▶ _THE PROBLEM_:
An exact copy is the goal: every line from the one containing "Tree Hut Peach" to the end of the material below, pictures excluded.

▶ _THE DATA_:
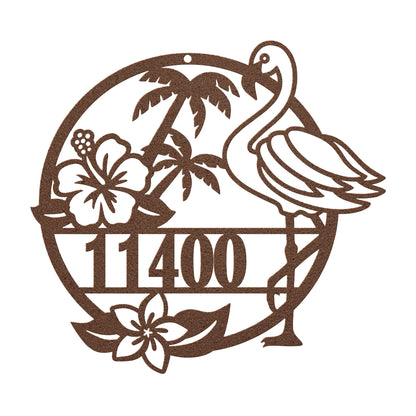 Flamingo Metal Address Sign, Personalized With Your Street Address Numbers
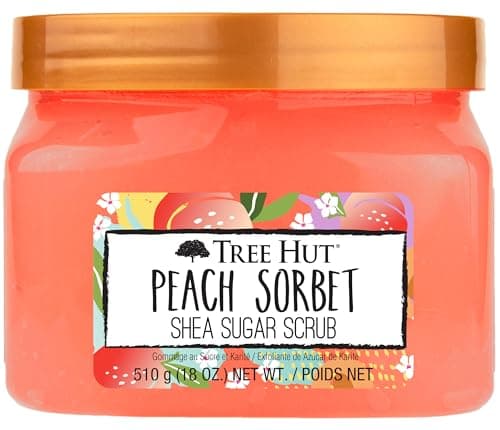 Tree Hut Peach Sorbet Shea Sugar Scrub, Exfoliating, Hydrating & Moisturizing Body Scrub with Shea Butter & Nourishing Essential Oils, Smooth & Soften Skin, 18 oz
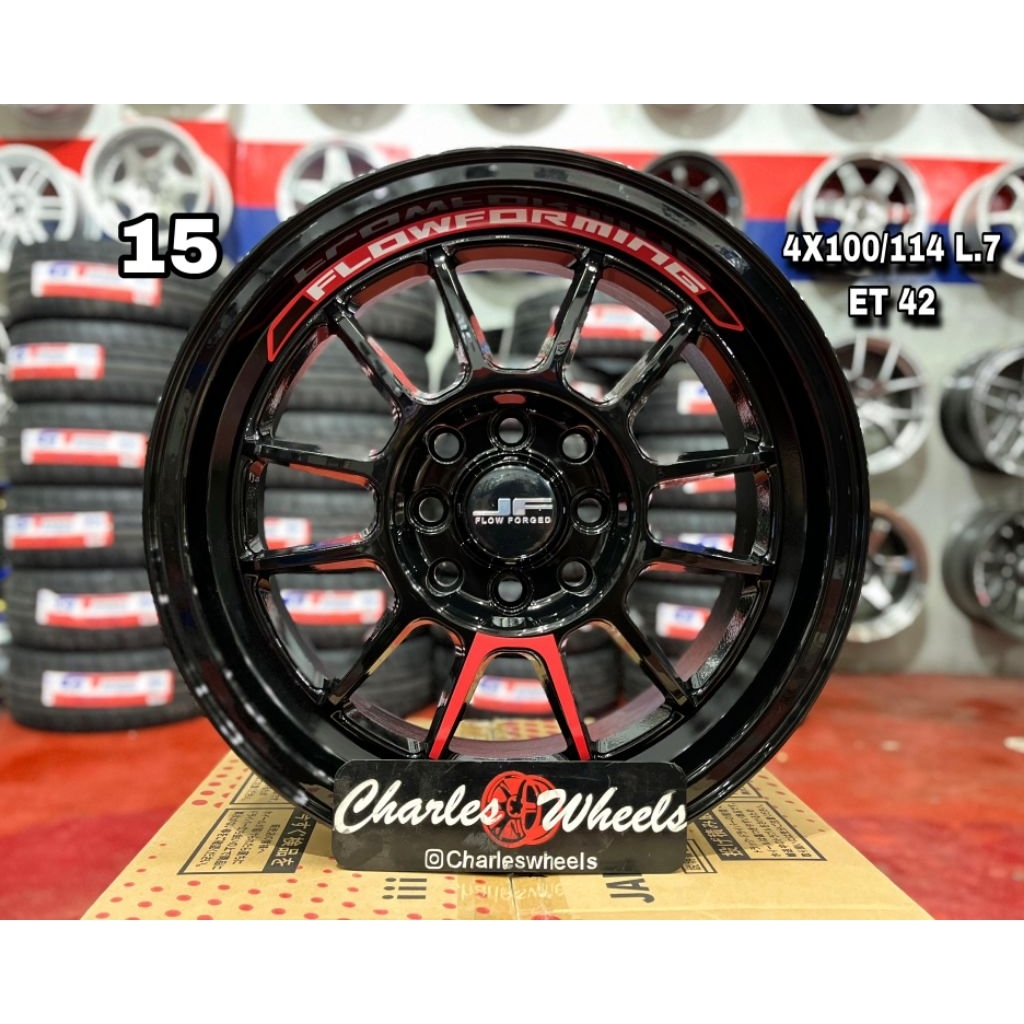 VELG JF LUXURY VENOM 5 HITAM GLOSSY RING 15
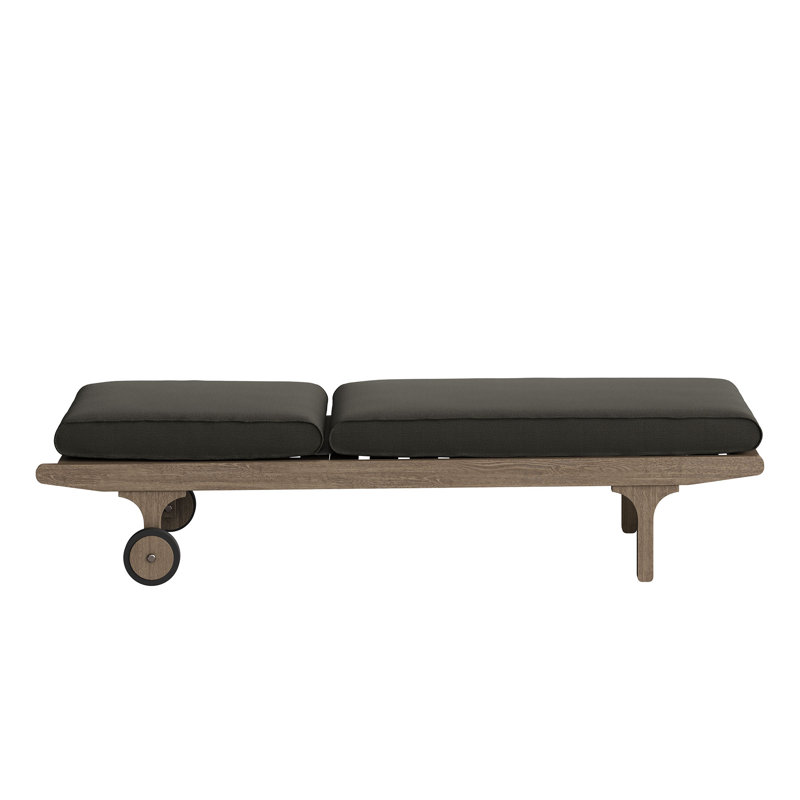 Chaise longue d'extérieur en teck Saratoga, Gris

▶ _SOLUTION TO THE EXERCISE_:
 Tree Hut Peach Sorbet Shea Sugar Scrub, Exfoliating, Hydrating & Moisturizing Body Scrub with Shea Butter & Nourishing Essential Oils, Smooth & Soften Skin, 18 oz
 VELG JF LUXURY VENOM 5 HITAM GLOSSY RING 15
 Chaise longue d'extérieur en teck Saratoga, Gris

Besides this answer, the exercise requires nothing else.